Há regularidades nas sociedades humanas. Caso contrário, ninguém seria capaz de tratar da própria vida nem satisfazer suas mais elementares necessidades, e os esforços cooperativos se tornariam muito difíceis, talvez mesmo impossíveis. Essas regularidades formam uma ordem social. Mas qual é a natureza de tal ordem? Seriam elas naturais ou artificiais? Para Hayek, nem uma coisa, nem outra: as ordens sociais resultam da ação humana, mas não da intenção humana. As ordens sociais são, exatamente por isso, espontâneas.
Ordem e caos
O conceito de ordem espontânea é um ponto central da teoria política hayekiana. Nada obstante, é também um dos pontos menos compreendidos, e fonte de repetidos mal-entendidos sobre a contribuição de Hayek. Frequentemente se supõe, erroneamente, que uma ordem espontânea seja o império do caos, ou o estado de anarquia generalizada. Essas concepções são, contudo, equivocadas. Especificamente, Hayek considera ‘ordem’ “uma condição em que múltiplos elementos de vários tipos se encontram de tal maneira relacionados entre si que, a partir de nosso contato com uma parte espacial ou temporal do todo, podemos aprender a formar expectativas corretas com relação ao restante ou, pelo menos, expectativas que tenham probabilidade de se revelar corretas” (p. 36, grifo no original).

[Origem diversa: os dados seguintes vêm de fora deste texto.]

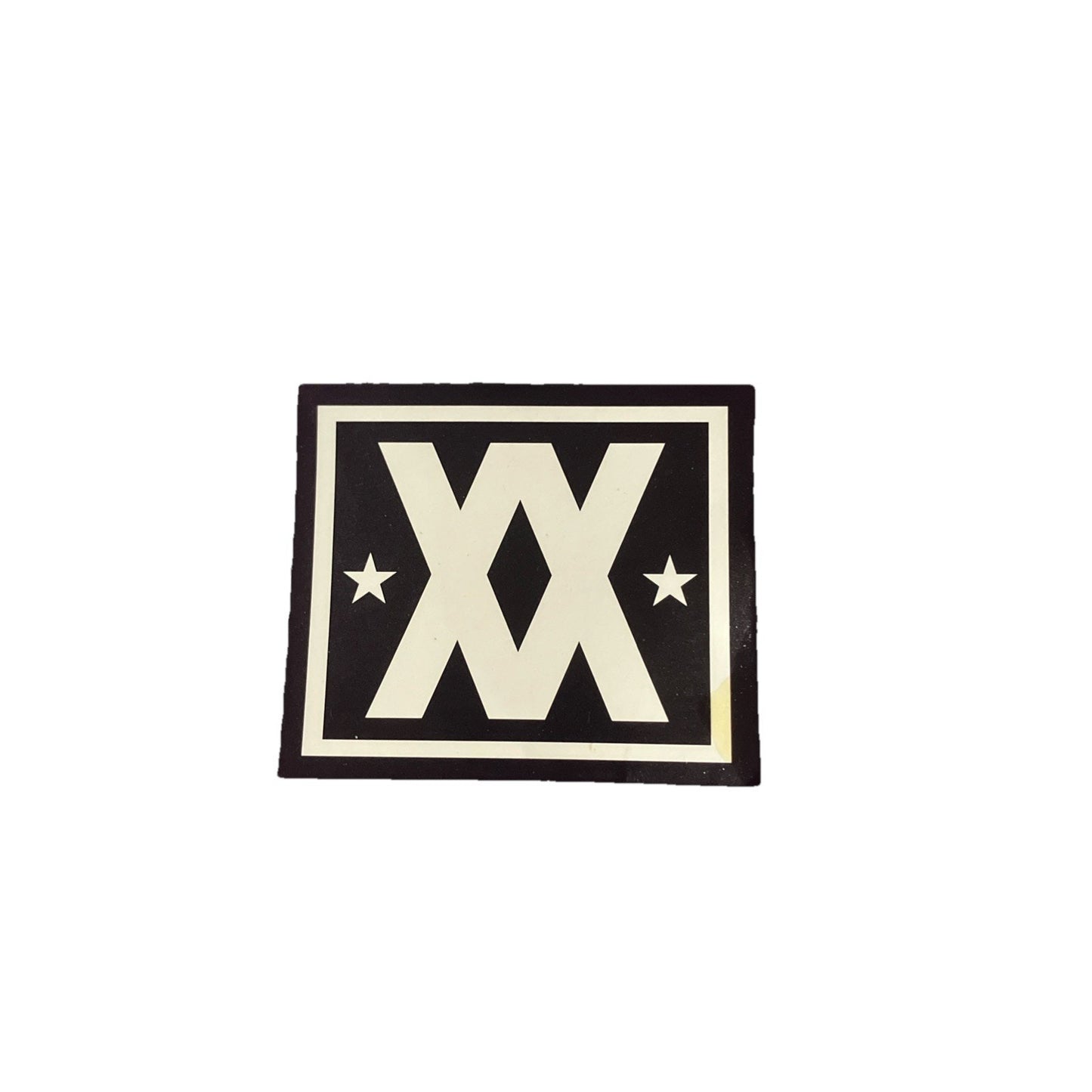 Dixxon Flannel Co. Xx Black Sticker With White Logo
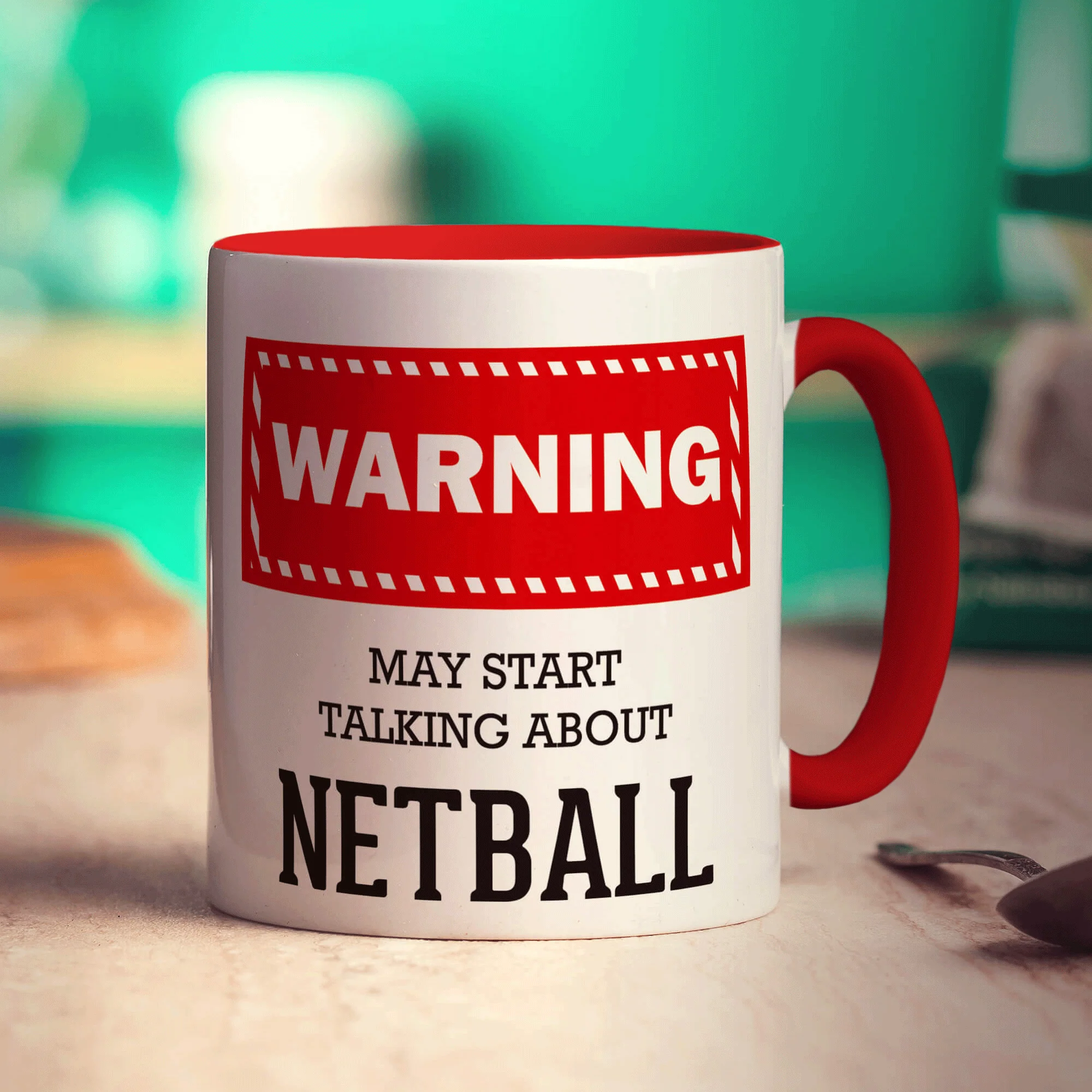 Warning! May Start Talking About Netball Mug - Image 11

Convém enfatizar os termos “elementos” e “expectativas”. Embora a ordem social não seja fruto da intenção deliberada, nem de uma mente pensante, nem de uma autoridade política, ela se constitui de propriedades (ou elementos) que garantem ao homem os fundamentos para coordenar seus planos e ações na sociedade. A própria ideia de ordem, afirmará Hayek, pressupõe “coerência e constância” que permitem ao homem, por meio do uso de sua inteligência, agir no mundo.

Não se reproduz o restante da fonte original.